LITTLE ROCK - This week, I submitted a balanced-budget proposal to the joint houses of the General Assembly, in preparation for the upcoming legislative session. Arkansas is known for its history of fiscal restraint, as our Constitution prohibits deficit spending and requires the State budget to be balanced. My budget recommendations reflect this spirit in their conservative approach - an approach I believe is especially necessary in the face of the ongoing financial crisis and an uncertain economic outlook.
The proposed budget also reflects a priority that will never change, no matter the times - and that's its emphasis on education. Providing our young people with excellence in education will always remain my top priority when budget decisions are considered. It's not just a Constitutional mandate, it's a moral imperative. To that end, this budget provides full funding for our educational needs, above and beyond court-mandated adequacy levels, because it illustrates my commitment to ensuring that every child in our State has the opportunity to gain an education of the highest order.
Providing meaningful tax relief to working families of our State is another essential feature of this budget proposal - it's a promise I made to the people of Arkansas, and one I intend to keep. In 2007, we enacted the largest tax reduction in Arkansas history by cutting the grocery tax in half; but I promised it would not end there. I've asked the Legislature to cut the grocery tax an additional 1 percent this year. While economic times are tight and tough decisions will have to be made with regards to spending, I believe the greater harm would be to go back on my word to the people of Arkansas. Middle-class, working families are the heart of our State and of our economy, and they deserve this help.
Unfortunately, we must also exercise caution in the face of the current economic climate and remain alert to potential further trouble. When we began budget forecasting in mid-summer, we were optimistic that we could restore cuts previously made in the 2009 forecast, and target growth in some critical areas of need. But in mid-October, the unprecedented crisis struck our financial markets and has since spread throughout the global economy. Our original expectations had to be dramatically revised, and our budget recommendations reduced to match new revenue predictions.

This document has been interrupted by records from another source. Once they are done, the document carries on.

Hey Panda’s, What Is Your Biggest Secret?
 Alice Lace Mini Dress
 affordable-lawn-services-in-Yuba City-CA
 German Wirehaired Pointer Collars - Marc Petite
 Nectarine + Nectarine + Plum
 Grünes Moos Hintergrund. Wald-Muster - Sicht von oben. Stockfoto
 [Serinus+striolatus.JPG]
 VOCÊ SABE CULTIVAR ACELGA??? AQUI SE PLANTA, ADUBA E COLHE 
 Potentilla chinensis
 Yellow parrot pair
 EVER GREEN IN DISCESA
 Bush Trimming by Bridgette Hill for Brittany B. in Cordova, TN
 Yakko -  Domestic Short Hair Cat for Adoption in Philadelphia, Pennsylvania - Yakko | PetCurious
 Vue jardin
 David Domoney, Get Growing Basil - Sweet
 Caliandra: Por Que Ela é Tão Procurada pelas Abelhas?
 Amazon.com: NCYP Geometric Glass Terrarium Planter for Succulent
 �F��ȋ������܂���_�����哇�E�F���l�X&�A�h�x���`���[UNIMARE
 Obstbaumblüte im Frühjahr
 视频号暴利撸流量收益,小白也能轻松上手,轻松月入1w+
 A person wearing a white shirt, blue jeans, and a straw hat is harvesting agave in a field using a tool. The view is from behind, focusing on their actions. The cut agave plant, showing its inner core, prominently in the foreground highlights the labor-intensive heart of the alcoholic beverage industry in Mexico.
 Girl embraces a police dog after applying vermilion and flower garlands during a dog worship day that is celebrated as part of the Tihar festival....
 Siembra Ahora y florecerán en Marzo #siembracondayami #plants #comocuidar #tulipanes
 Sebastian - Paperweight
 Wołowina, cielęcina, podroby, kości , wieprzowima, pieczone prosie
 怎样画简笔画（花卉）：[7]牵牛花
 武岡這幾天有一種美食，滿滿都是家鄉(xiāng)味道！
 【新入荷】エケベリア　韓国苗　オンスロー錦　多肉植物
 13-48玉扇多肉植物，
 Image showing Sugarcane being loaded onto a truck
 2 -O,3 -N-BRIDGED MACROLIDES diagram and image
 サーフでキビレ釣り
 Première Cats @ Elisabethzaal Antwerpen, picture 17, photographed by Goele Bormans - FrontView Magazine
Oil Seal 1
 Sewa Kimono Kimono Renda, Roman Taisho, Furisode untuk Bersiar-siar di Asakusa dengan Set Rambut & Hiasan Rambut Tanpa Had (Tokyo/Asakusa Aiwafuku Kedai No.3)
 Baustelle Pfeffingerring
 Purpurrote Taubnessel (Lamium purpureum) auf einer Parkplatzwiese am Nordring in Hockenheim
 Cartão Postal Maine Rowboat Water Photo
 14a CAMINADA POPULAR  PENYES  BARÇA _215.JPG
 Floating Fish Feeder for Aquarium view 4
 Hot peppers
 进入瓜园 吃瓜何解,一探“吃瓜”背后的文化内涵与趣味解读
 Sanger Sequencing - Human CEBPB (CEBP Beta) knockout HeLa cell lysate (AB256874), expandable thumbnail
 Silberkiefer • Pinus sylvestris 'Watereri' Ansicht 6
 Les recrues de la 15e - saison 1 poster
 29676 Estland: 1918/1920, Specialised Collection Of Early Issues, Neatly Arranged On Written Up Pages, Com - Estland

Accordingly, while our base budget for state government will be fulfilled as always, we've reduced our forecast for new general revenue funding by nearly 50 percent. However, we've also taken a step that hasn't been seen in usual budget recommendations, by asking the Legislature to go ahead and appropriate the money represented by these reductions. That way, if the economy stabilizes and revenues grow, this restored funding will already be in place, and ensured to flow where it is critically needed.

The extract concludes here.